The Video

I picked A up from school today as we had some errands to run in town and while I was waiting in the car for her (astounded at how atrocious the parking still is outside school – some things NEVER change) I received a text from her teacher advising that the class has watched the Sex Ed video this morning and they may have questions. I wasn’t too worried as A and I have had The Talk a while back. I didn’t want her to hear it from anyone else. Let’s face it, there’s ALWAYS a child in every class in every school that believes they know it all and can’t wait to enlighten those that don’t. I didn’t want A to get a skewed idea about “it” and wanted to make sure she knew I was able to discuss such matters without getting embarassed etc. (I hope I covered up my instinctively prudish side and didn’t make her feel awkward – I think I did OK). So, I decided in the few minutes between getting the text and her getting in the car that I wouldn’t mention it unless she did and then if she hadn’t brought it up or mentioned it in passing I would ask her later on in the evening, just to make sure she was OK with it all. But I expected not a peep from her about it if truth be told.

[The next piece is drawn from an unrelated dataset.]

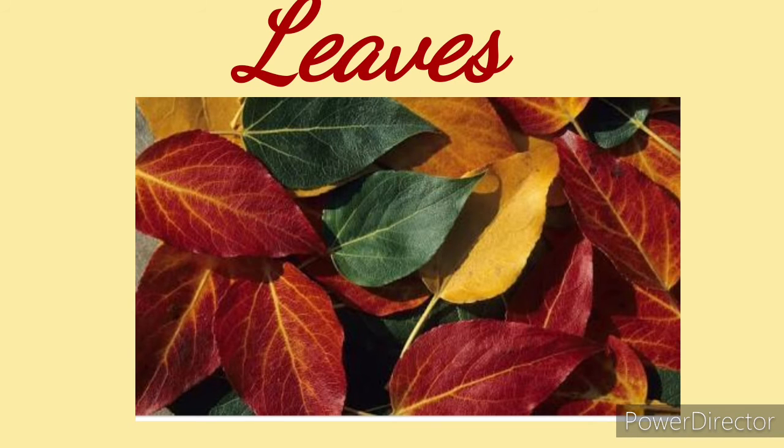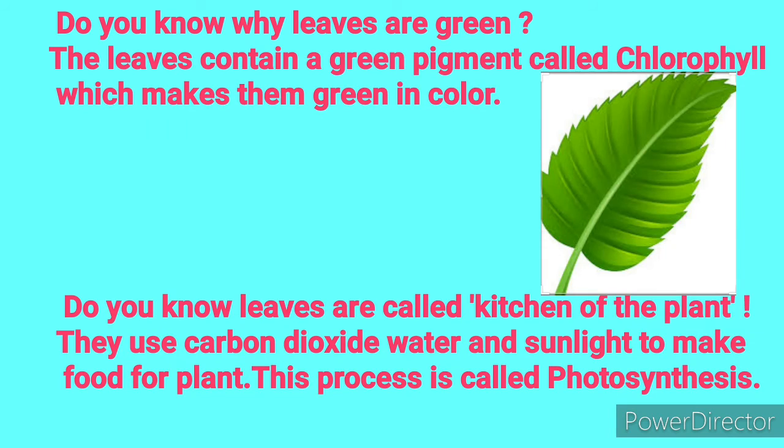You all must have seen leaves. Some leaves are big, some are small, some are red, some are yellow, and some are green. Do you know why leaves are green? The leaves contain a green pigment called chlorophyll, which makes them green in color. Did you know leaves are called the kitchen of the plant? They use carbon dioxide, water, and sunlight to make food for the plant. This process is called photosynthesis.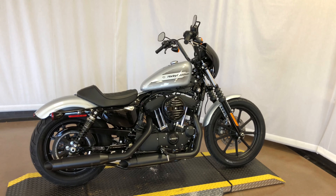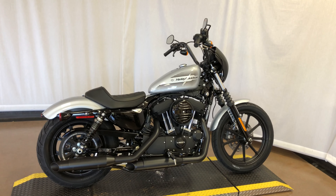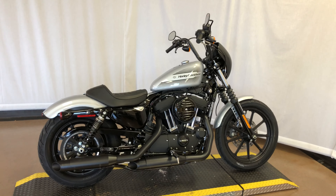Stock number 427306 is a 2020 Harley-Davidson XL1200 NS. It is Barracuda Silver and brand new.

So, when her opening gambit when she got in the car (after “urgh this weather is horrible“) was “I nearly fainted today and had to go to sick bay” I didn’t relate it to The Video. She went on to say “I can’t believe they made us watch an actual baby coming out of an actual woman“. Horrified. No other words for it. Well, apart from disgusted, disturbed, shocked. Apparently, at the point when said baby was making an appearance she got a bit of a ringing in her ears and came over a bit hot and had to leave the room. A splash of water in the loos didn’t make any difference so she took herself off to sick bay. Lovely teachers fanned her and sorted her out with a book to take her mind off it (Chip, Biff and Kipper and not Biology for Beginners thankfully). She couldn’t eat her lunch until much later and, like me, nothing puts my girl off her food. It must have been bad.

Bless her. She then went on to say how awful the whole thing was. Mortifying, gruesome, just downright wrong. Children ready to run a race representing the sperm and a giant red yoga exercise ball at the end of the track representing the egg. The winning “sperm” launching themselves at the egg. She was scathing “couldn’t they have come up with a better idea than THAT?”  And it went on. Children making a video at a family gathering asking relations and friends of family why they love each other and what love means – touching each other to make each other happy apparently (I remember this from watching The Video when T was in year 6 and imagining how kids would react to it). “As if anyone would do that in real life! Imagine me asking Nanny and Grandad or Uncle P and Auntie C!”Stupid cartoon drawings of penises and sperm with smiley faces. She kept asking “why? why would they make us watch it?“I think I can safely say that she is disgusted with the whole idea and she has announced that it has put her off having babies for life. I replied that if it had put her off having sex for life then that was all fine with me. I asked her if she had any questions. No, all perfectly clear thank you. No questions on the sex and baby thing. Just “why would they make us watch it?

Oh dear. I had to try not to laugh at her little face all open mouthed and eyes wide in horror. I will remind her of this conversation when she is 16 and mooning around all loved up over some boy.